Eastwood traite ces appréhensions avec intensité avant d'entrer dans le troisième acte de son récit (suivant donc le sauvetage et l'attente des auditions). Le contraste est alors saisissant entre l'extérieur, où médias et anonymes considèrent Sully comme un authentique héros, et l'intérieur, où le capitaine et son co-pilote sont traités comme des têtes brûlées irresponsables.
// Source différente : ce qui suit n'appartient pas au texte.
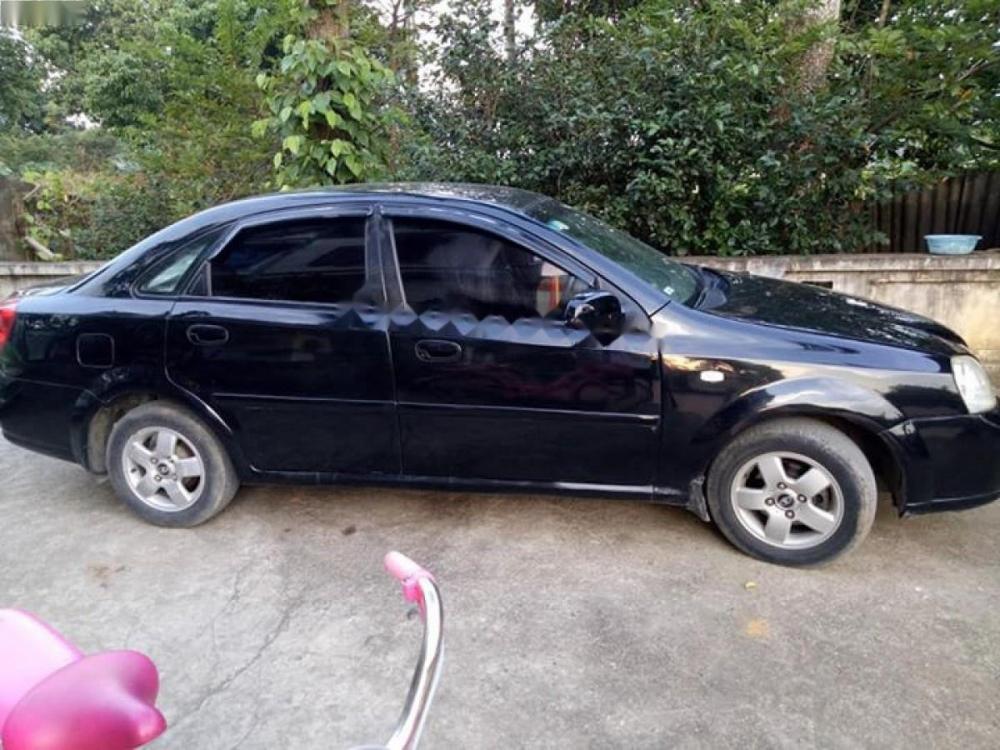 Daewoo Lacetti 2005 - Bán ô tô Daewoo Lacetti sản xuất năm 2005, màu đen, chính chủ, 130tr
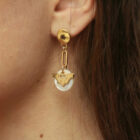 Boucles d'oreilles nacre chauve-souris en laiton doré — collection Jungles et forêt — porté 01, Les Naturalistes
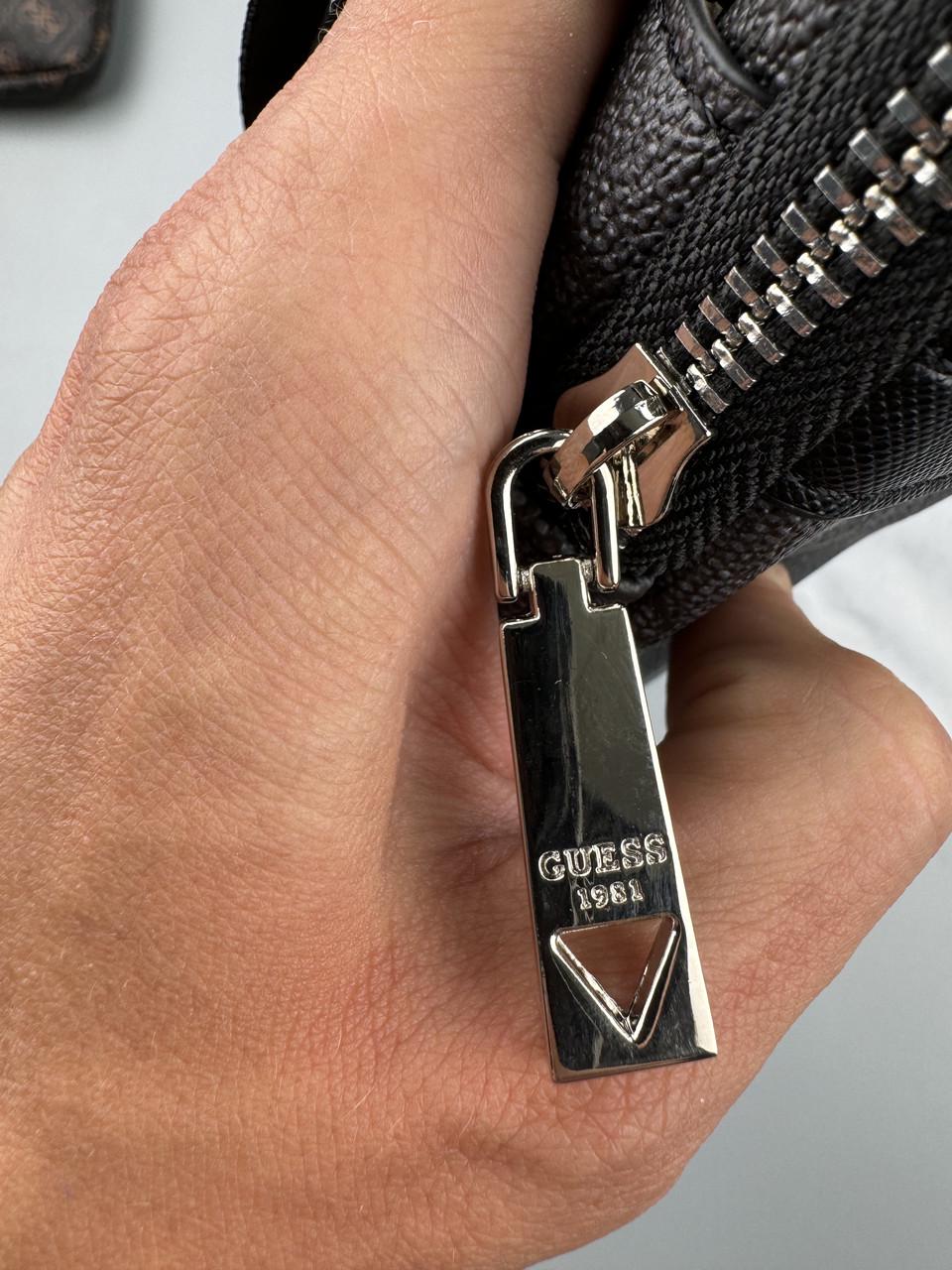 Суска-месенджер через плече Guess Vezzola Сірий (2342044198) - фото 2 Суска-месенджер через плече Guess Vezzola Сірий (2342044198) - фото 2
L'ambiguïté s'installe : et si les sauveurs du vol 1549 étaient des imposteurs (un commandant de bord trop vieux, son second incompétent), ayant miraculeusement réussi une manoeuvre périlleuse ?
La mise en scène et le scénario réussissent à faire passer cette partie procédurière avec une fluidité magistrale, évitant que le spectateur ne soit noyé par des termes trop techniques ou des arguties juridiques. Au lieu de ça, Eastwood montre à plusieurs reprises l'amerrissage, à travers les yeux de Sully et Skiles, d'une famille de passagers, du contrôleur du ciel, des pilotes des simulations, et progressivement la vérité éclate. Le procédé est spectaculaire et intimiste à la fois, tendu, vibrant : une leçon de narration.
Tom Hanks, digne héritier moderne de "l'honnête homme" américain, dans la lignée d'un Spencer Tracy (auquel il fait ici penser avec ses cheveux blanchis, sa démarche lente, ses gestes mesurés), est l'interprète idéal pour incarner ce héros malgré lui, à la fois droit et modeste, ébranlé mais déterminé. Aux côtés de l'excellent Aaron Eckhart et d'une multitude de seconds rôles et figurants impeccables, l'aventure devient collective, impliquant l'esprit de corps formé par les sauveteurs, les policiers, les contrôleurs aériens, les passagers, les familles. Comme le dit Sully, cela n'a été possible que parce qu'ils l'ont fait ensemble - et comme l'ajoute, avec humour, Skiles, si c'était à refaire, il préférerait juste que ça soit en Juillet.
Exaltant le courage, l'entraide, le surpassement, mais avec humilité, Sully ressemble en fait terriblement à un plaidoyer pour une Amérique solidaire et refusant de se résigner, ce qui rend le film encore plus troublant de la part d'un supporter affiché de Trump, le grand diviseur de sa nation.